Task item –
Without including any images, output the listing below exactly.

Dataset excerpt –
══════

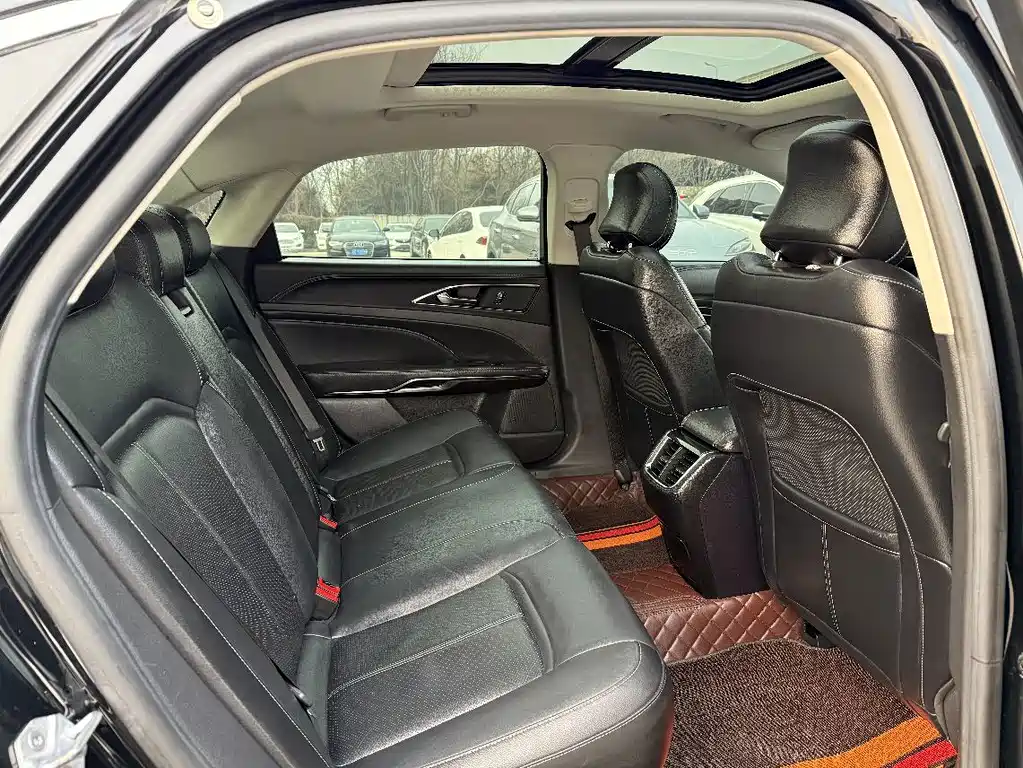 Ford Taurus — миниатюра 9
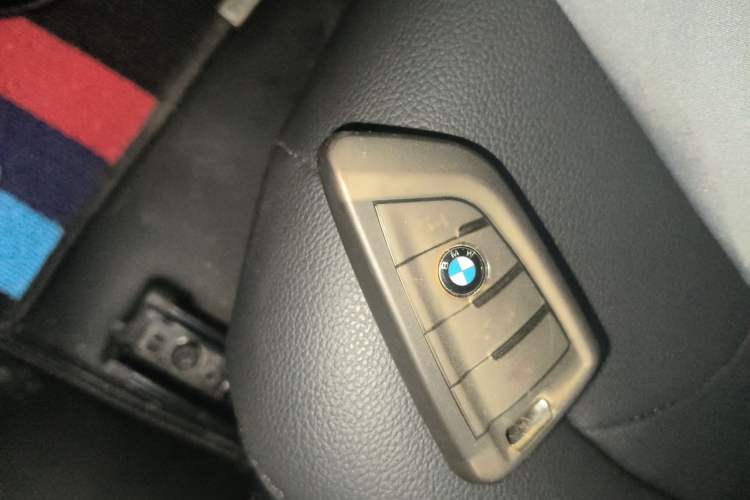 Used BMW 1 Series 2015 120i Leading Model Vehicle Key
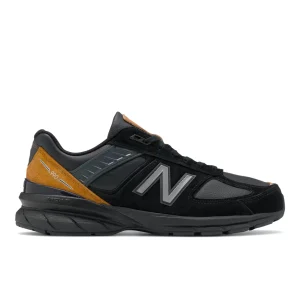 New Balance 990 No Vacancy Inn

══════

Exercise output –
 Ford Taurus — миниатюра 9
 Used BMW 1 Series 2015 120i Leading Model Vehicle Key
 New Balance 990 No Vacancy Inn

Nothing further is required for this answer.